_What you have to do_
Set the records down again exactly, apart from any pictures in them.

_Provided material_
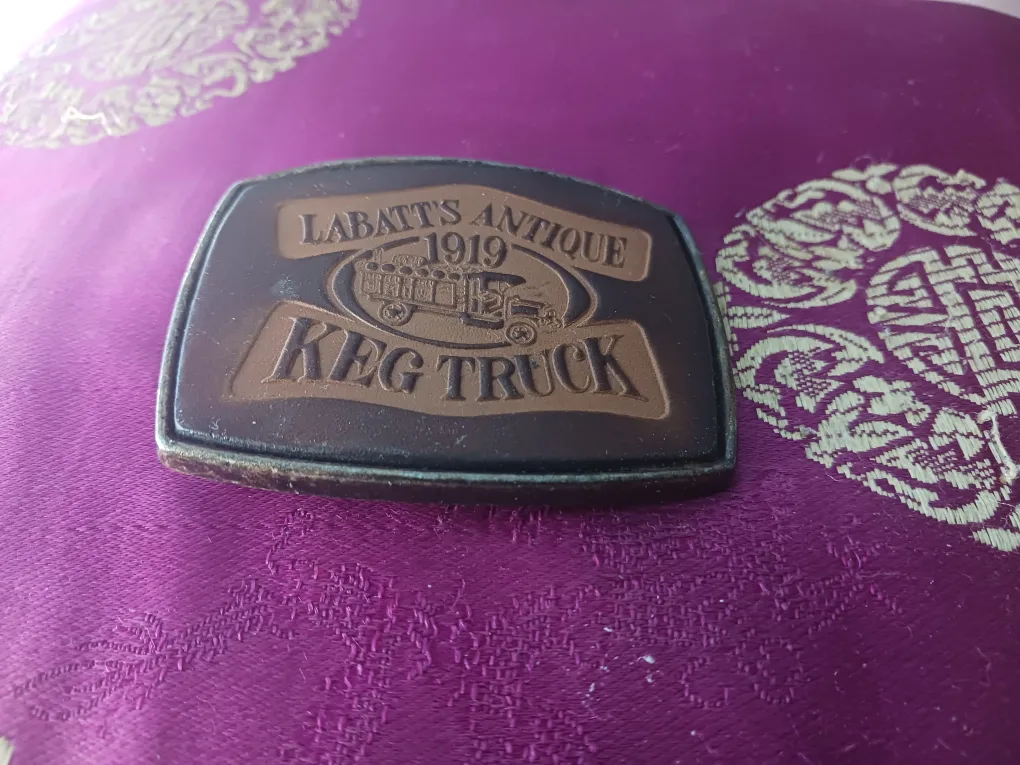 Vintage Labatt's Antique 1919 Keg Truck Belt Buckle thumbnail
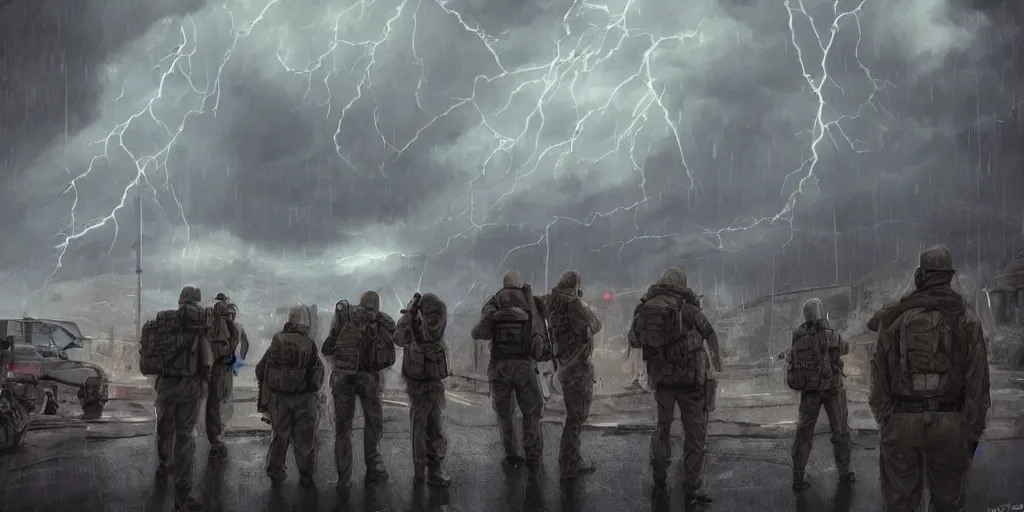 Image similar to private military company operatives standing outside immigration check point with severe weather storms behind, cinematic, realistic, detailed, intricate, digital art, ambient lightning, by jordan grimmer, industrial art style, 3 5 mm film grain, artstation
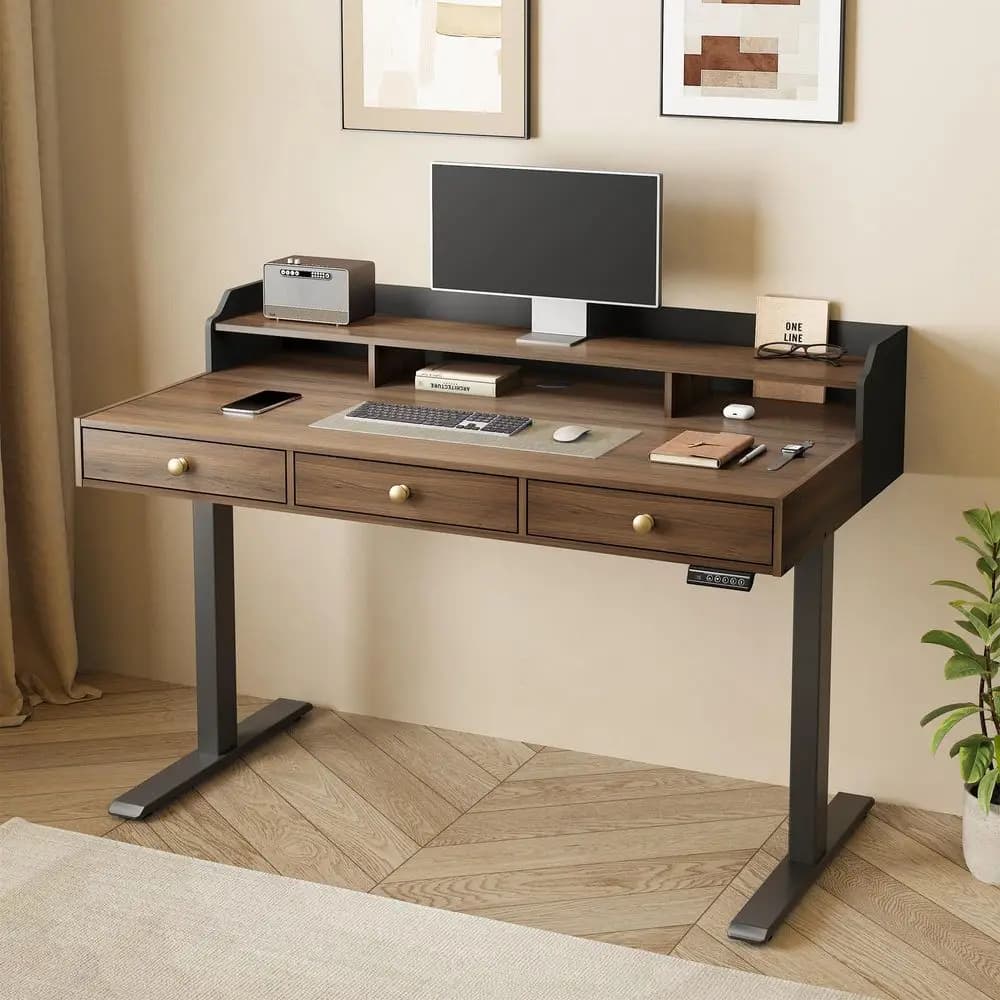 Scrivania regolabile in altezza con 3 cassetti, 47,2 x 26 pollici, con ripiano per monitor, tavolo elettrico regolabile in altezza con spazio di archiviazione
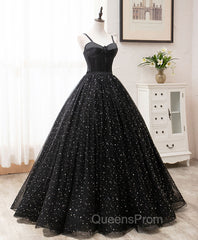 Black Sweetheart Tulle Long Evening Prom Dress, Black Evening Sweet 16 Dress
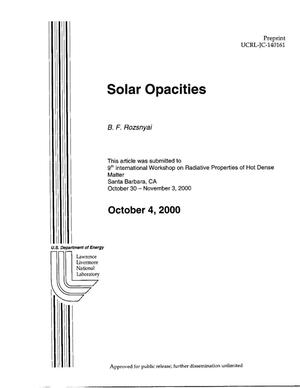 Solar Optics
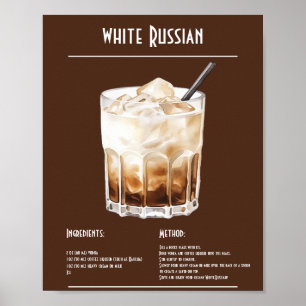 Creamy White Russian Recipe Pub Poster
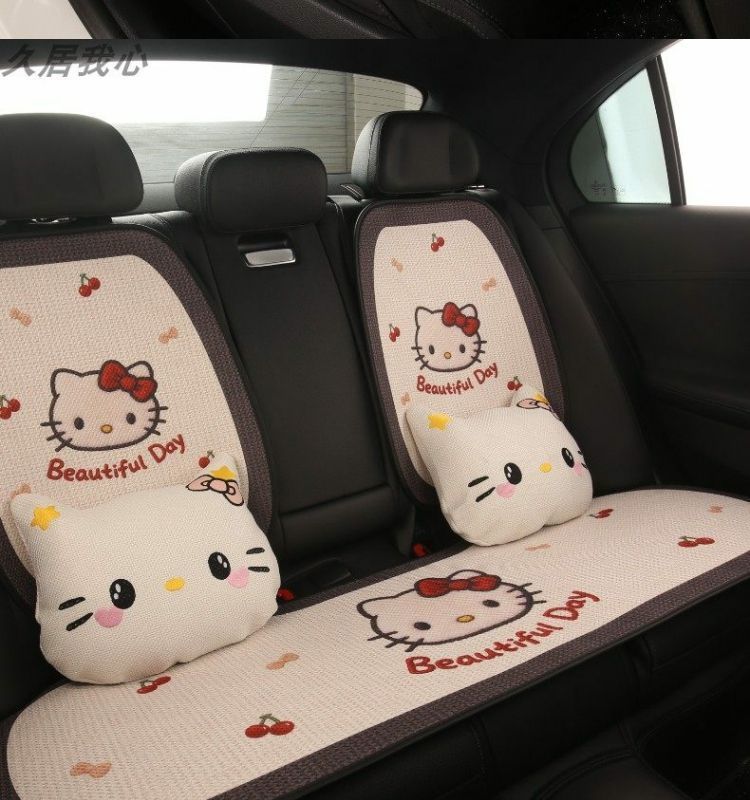Car Seat Cushion, Universal for All Seasons, Breathable Kt Cat Seat Cushion, New Half-Cover Seat Cover, Cute Cartoon Single-Piece Seat Cover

_Expected output_
 Vintage Labatt's Antique 1919 Keg Truck Belt Buckle thumbnail
 Image similar to private military company operatives standing outside immigration check point with severe weather storms behind, cinematic, realistic, detailed, intricate, digital art, ambient lightning, by jordan grimmer, industrial art style, 3 5 mm film grain, artstation
 Scrivania regolabile in altezza con 3 cassetti, 47,2 x 26 pollici, con ripiano per monitor, tavolo elettrico regolabile in altezza con spazio di archiviazione
 Black Sweetheart Tulle Long Evening Prom Dress, Black Evening Sweet 16 Dress
 Solar Optics
 Creamy White Russian Recipe Pub Poster
Car Seat Cushion, Universal for All Seasons, Breathable Kt Cat Seat Cushion, New Half-Cover Seat Cover, Cute Cartoon Single-Piece Seat Cover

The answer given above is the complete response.